5419.119 (Kapteynborg)
Tuesday, June 27, 2023
13:45 - 15:15


Prof. Dr. Teresa Graziano
Associate Professor
University of Catania

Inner, peripheral, marginal, fragile: the varied taxonomy of left-behindeness in Italy


Over the last years, a heated debate about socio-economic marginality has monopolized mainstream narratives, academic debate and policy strategies in Italy, where a long-entrenched territorial divide split the country into the more advanced northern regions and the lagging southern ones. Apart from this historically-rooted spatial unevenness, a new emphasis has been more recently put on the need to face depopulation trends in the most “fragile” peripheral areas of the country, identified according to a complex set of indicators. In 2014 a national policy framework, the National Strategy for Inner Areas, was launched to improve essential services, promote local development and ultimately invert marginality trends in these areas trough a place-based approach.
This work aims at scrutinizing the controversial relationship between mainstream narratives, transdisciplinary scientific (re)conceptualizations and policy frameworks facing territorial marginality in Italy. In particular, the research aims at providing a critical review of the different notions through which marginality has been theoretically (in the literature) and practically (in policies) operationalized in Italy; detecting what are the indicators that have been used to identify marginal areas in policy frameworks; and investigating whether the dimensions deployed by national policies overlap and/or conflict with those identified at the European scale. This will shed light on the varied geographies outlined by the different spatial expressions which are selected and used over others, revised according to the paradigm of “left-behindeness”, against a backdrop in which national policies often interpret – implicitly or explicitly – this marginality in terms of lack of “citizenship’s rights”.
Dr. Evert Meijers
Utrecht University

The spatial orientation of Dutch political parties: How ‘left-behind’ are Dutch rural and peripheral regions really?

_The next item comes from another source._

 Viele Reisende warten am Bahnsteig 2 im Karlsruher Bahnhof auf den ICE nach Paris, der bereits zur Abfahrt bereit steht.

Whereas in the 1970s it was often deemed to be in the national interest to redistribute economic activity across countries, more recent decades saw heavy public investment in what Crouch and LeGalès (2012) call ‘national champion cities’ (almost always also capital cities). Parkinson et al. (2015) and Dijkstra (2013) argue that continuing over-investment in capital cities and under-investment in second-tier cities in the long run will be unsustainable and lead to economic under-performance. Perhaps even more far-reaching are the political consequences of shifting away attention from places in need of support to more prosperous and dynamic ones, as it causes distress and resentment in the ‘places that don’t matter’, who take revenge through the ballot box (Rodriguez-Pose, 2018). Also in a small country such as the Netherlands, much attention is being paid to a perceived gap between dynamic city regions and supposedly left behind regions.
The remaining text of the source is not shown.